---------- Listed records

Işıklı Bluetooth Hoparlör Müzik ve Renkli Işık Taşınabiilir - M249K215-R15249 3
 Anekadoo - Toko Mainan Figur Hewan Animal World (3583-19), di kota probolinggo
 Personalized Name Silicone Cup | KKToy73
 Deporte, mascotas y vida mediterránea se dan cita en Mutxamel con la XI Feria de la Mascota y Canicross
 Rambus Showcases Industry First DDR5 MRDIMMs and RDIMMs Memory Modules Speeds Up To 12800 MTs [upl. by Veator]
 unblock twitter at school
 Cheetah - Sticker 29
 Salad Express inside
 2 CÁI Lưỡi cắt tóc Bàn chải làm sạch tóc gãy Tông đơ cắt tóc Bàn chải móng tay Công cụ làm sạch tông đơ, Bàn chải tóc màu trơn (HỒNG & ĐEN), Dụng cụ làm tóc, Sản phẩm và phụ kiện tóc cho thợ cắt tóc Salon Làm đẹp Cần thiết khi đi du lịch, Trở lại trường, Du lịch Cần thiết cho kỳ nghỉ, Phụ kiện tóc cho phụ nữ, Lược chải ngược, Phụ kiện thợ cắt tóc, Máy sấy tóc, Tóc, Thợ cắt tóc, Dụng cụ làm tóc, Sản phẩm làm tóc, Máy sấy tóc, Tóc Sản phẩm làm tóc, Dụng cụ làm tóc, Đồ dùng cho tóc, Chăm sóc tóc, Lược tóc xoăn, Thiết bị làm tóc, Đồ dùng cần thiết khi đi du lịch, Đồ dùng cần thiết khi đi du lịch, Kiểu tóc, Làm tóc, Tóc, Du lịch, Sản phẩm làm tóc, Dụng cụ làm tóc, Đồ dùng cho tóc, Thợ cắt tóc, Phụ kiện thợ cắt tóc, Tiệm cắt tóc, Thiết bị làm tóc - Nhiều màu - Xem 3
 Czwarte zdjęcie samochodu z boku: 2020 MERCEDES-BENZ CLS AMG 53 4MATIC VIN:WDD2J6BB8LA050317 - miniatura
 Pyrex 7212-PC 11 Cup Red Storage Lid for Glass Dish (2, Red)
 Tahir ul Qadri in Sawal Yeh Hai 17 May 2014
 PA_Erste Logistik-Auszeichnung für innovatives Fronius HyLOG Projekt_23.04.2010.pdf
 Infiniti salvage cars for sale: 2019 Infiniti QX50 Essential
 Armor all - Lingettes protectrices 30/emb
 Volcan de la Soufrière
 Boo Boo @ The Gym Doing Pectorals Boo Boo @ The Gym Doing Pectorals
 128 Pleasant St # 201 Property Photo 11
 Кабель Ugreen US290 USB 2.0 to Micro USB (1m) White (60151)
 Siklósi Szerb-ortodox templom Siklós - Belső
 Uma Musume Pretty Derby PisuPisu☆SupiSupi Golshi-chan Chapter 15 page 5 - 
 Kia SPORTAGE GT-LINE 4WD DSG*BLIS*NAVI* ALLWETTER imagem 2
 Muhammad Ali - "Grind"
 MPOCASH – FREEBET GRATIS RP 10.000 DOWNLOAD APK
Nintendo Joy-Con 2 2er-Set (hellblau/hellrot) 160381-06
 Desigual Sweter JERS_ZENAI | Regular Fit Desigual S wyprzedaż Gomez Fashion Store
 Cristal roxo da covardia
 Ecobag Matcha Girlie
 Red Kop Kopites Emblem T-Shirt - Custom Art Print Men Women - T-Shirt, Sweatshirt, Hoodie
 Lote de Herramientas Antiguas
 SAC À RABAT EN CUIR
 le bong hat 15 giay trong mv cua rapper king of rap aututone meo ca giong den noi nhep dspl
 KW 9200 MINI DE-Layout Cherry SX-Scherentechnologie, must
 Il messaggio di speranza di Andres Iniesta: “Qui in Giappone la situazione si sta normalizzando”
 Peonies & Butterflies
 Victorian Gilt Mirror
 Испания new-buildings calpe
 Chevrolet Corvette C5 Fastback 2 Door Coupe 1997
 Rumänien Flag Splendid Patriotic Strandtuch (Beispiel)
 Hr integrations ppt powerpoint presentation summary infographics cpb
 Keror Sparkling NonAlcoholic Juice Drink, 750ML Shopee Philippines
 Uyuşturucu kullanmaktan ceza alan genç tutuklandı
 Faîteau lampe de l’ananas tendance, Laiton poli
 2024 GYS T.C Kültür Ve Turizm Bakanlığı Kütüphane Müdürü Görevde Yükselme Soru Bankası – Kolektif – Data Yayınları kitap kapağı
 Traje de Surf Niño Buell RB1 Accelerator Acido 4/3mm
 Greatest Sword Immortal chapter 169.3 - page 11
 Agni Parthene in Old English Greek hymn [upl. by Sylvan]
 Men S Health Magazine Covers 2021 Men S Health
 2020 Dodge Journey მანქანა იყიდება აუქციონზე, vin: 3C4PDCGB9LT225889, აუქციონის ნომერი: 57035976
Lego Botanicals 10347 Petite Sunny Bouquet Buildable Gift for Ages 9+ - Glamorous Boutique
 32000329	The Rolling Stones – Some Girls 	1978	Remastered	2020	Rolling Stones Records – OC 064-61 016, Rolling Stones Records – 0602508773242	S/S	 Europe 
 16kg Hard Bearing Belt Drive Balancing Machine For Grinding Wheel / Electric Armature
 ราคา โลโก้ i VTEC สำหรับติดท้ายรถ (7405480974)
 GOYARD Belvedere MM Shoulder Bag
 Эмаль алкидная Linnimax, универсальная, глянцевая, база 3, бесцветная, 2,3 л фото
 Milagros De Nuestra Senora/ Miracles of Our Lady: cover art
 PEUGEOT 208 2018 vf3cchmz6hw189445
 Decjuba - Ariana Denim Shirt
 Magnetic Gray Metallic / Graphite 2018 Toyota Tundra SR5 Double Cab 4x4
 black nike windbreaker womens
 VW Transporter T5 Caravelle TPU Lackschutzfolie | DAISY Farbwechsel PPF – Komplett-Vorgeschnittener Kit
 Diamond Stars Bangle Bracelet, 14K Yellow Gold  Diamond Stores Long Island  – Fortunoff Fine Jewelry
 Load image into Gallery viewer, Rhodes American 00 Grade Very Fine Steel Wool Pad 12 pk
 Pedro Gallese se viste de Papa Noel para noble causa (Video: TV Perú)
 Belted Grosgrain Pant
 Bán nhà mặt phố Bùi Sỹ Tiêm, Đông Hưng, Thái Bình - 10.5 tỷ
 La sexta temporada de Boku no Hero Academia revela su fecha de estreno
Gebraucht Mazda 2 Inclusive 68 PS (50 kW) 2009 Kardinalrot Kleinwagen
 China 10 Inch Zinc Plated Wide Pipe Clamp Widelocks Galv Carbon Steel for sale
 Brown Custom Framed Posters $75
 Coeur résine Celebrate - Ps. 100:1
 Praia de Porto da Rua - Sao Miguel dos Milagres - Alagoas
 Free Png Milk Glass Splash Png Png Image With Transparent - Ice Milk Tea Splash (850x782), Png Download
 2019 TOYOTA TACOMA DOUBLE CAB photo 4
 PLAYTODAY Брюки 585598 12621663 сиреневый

--------------------

Exercise directions >> What is needed is a word-for-word copy of all the records above.

Output >>
Işıklı Bluetooth Hoparlör Müzik ve Renkli Işık Taşınabiilir - M249K215-R15249 3
 Anekadoo - Toko Mainan Figur Hewan Animal World (3583-19), di kota probolinggo
 Personalized Name Silicone Cup | KKToy73
 Deporte, mascotas y vida mediterránea se dan cita en Mutxamel con la XI Feria de la Mascota y Canicross
 Rambus Showcases Industry First DDR5 MRDIMMs and RDIMMs Memory Modules Speeds Up To 12800 MTs [upl. by Veator]
 unblock twitter at school
 Cheetah - Sticker 29
 Salad Express inside
 2 CÁI Lưỡi cắt tóc Bàn chải làm sạch tóc gãy Tông đơ cắt tóc Bàn chải móng tay Công cụ làm sạch tông đơ, Bàn chải tóc màu trơn (HỒNG & ĐEN), Dụng cụ làm tóc, Sản phẩm và phụ kiện tóc cho thợ cắt tóc Salon Làm đẹp Cần thiết khi đi du lịch, Trở lại trường, Du lịch Cần thiết cho kỳ nghỉ, Phụ kiện tóc cho phụ nữ, Lược chải ngược, Phụ kiện thợ cắt tóc, Máy sấy tóc, Tóc, Thợ cắt tóc, Dụng cụ làm tóc, Sản phẩm làm tóc, Máy sấy tóc, Tóc Sản phẩm làm tóc, Dụng cụ làm tóc, Đồ dùng cho tóc, Chăm sóc tóc, Lược tóc xoăn, Thiết bị làm tóc, Đồ dùng cần thiết khi đi du lịch, Đồ dùng cần thiết khi đi du lịch, Kiểu tóc, Làm tóc, Tóc, Du lịch, Sản phẩm làm tóc, Dụng cụ làm tóc, Đồ dùng cho tóc, Thợ cắt tóc, Phụ kiện thợ cắt tóc, Tiệm cắt tóc, Thiết bị làm tóc - Nhiều màu - Xem 3
 Czwarte zdjęcie samochodu z boku: 2020 MERCEDES-BENZ CLS AMG 53 4MATIC VIN:WDD2J6BB8LA050317 - miniatura
 Pyrex 7212-PC 11 Cup Red Storage Lid for Glass Dish (2, Red)
 Tahir ul Qadri in Sawal Yeh Hai 17 May 2014
 PA_Erste Logistik-Auszeichnung für innovatives Fronius HyLOG Projekt_23.04.2010.pdf
 Infiniti salvage cars for sale: 2019 Infiniti QX50 Essential
 Armor all - Lingettes protectrices 30/emb
 Volcan de la Soufrière
 Boo Boo @ The Gym Doing Pectorals Boo Boo @ The Gym Doing Pectorals
 128 Pleasant St # 201 Property Photo 11
 Кабель Ugreen US290 USB 2.0 to Micro USB (1m) White (60151)
 Siklósi Szerb-ortodox templom Siklós - Belső
 Uma Musume Pretty Derby PisuPisu☆SupiSupi Golshi-chan Chapter 15 page 5 - 
 Kia SPORTAGE GT-LINE 4WD DSG*BLIS*NAVI* ALLWETTER imagem 2
 Muhammad Ali - "Grind"
 MPOCASH – FREEBET GRATIS RP 10.000 DOWNLOAD APK
Nintendo Joy-Con 2 2er-Set (hellblau/hellrot) 160381-06
 Desigual Sweter JERS_ZENAI | Regular Fit Desigual S wyprzedaż Gomez Fashion Store
 Cristal roxo da covardia
 Ecobag Matcha Girlie
 Red Kop Kopites Emblem T-Shirt - Custom Art Print Men Women - T-Shirt, Sweatshirt, Hoodie
 Lote de Herramientas Antiguas
 SAC À RABAT EN CUIR
 le bong hat 15 giay trong mv cua rapper king of rap aututone meo ca giong den noi nhep dspl
 KW 9200 MINI DE-Layout Cherry SX-Scherentechnologie, must
 Il messaggio di speranza di Andres Iniesta: “Qui in Giappone la situazione si sta normalizzando”
 Peonies & Butterflies
 Victorian Gilt Mirror
 Испания new-buildings calpe
 Chevrolet Corvette C5 Fastback 2 Door Coupe 1997
 Rumänien Flag Splendid Patriotic Strandtuch (Beispiel)
 Hr integrations ppt powerpoint presentation summary infographics cpb
 Keror Sparkling NonAlcoholic Juice Drink, 750ML Shopee Philippines
 Uyuşturucu kullanmaktan ceza alan genç tutuklandı
 Faîteau lampe de l’ananas tendance, Laiton poli
 2024 GYS T.C Kültür Ve Turizm Bakanlığı Kütüphane Müdürü Görevde Yükselme Soru Bankası – Kolektif – Data Yayınları kitap kapağı
 Traje de Surf Niño Buell RB1 Accelerator Acido 4/3mm
 Greatest Sword Immortal chapter 169.3 - page 11
 Agni Parthene in Old English Greek hymn [upl. by Sylvan]
 Men S Health Magazine Covers 2021 Men S Health
 2020 Dodge Journey მანქანა იყიდება აუქციონზე, vin: 3C4PDCGB9LT225889, აუქციონის ნომერი: 57035976
Lego Botanicals 10347 Petite Sunny Bouquet Buildable Gift for Ages 9+ - Glamorous Boutique
 32000329	The Rolling Stones – Some Girls 	1978	Remastered	2020	Rolling Stones Records – OC 064-61 016, Rolling Stones Records – 0602508773242	S/S	 Europe 
 16kg Hard Bearing Belt Drive Balancing Machine For Grinding Wheel / Electric Armature
 ราคา โลโก้ i VTEC สำหรับติดท้ายรถ (7405480974)
 GOYARD Belvedere MM Shoulder Bag
 Эмаль алкидная Linnimax, универсальная, глянцевая, база 3, бесцветная, 2,3 л фото
 Milagros De Nuestra Senora/ Miracles of Our Lady: cover art
 PEUGEOT 208 2018 vf3cchmz6hw189445
 Decjuba - Ariana Denim Shirt
 Magnetic Gray Metallic / Graphite 2018 Toyota Tundra SR5 Double Cab 4x4
 black nike windbreaker womens
 VW Transporter T5 Caravelle TPU Lackschutzfolie | DAISY Farbwechsel PPF – Komplett-Vorgeschnittener Kit
 Diamond Stars Bangle Bracelet, 14K Yellow Gold  Diamond Stores Long Island  – Fortunoff Fine Jewelry
 Load image into Gallery viewer, Rhodes American 00 Grade Very Fine Steel Wool Pad 12 pk
 Pedro Gallese se viste de Papa Noel para noble causa (Video: TV Perú)
 Belted Grosgrain Pant
 Bán nhà mặt phố Bùi Sỹ Tiêm, Đông Hưng, Thái Bình - 10.5 tỷ
 La sexta temporada de Boku no Hero Academia revela su fecha de estreno
Gebraucht Mazda 2 Inclusive 68 PS (50 kW) 2009 Kardinalrot Kleinwagen
 China 10 Inch Zinc Plated Wide Pipe Clamp Widelocks Galv Carbon Steel for sale
 Brown Custom Framed Posters $75
 Coeur résine Celebrate - Ps. 100:1
 Praia de Porto da Rua - Sao Miguel dos Milagres - Alagoas
 Free Png Milk Glass Splash Png Png Image With Transparent - Ice Milk Tea Splash (850x782), Png Download
 2019 TOYOTA TACOMA DOUBLE CAB photo 4
 PLAYTODAY Брюки 585598 12621663 сиреневый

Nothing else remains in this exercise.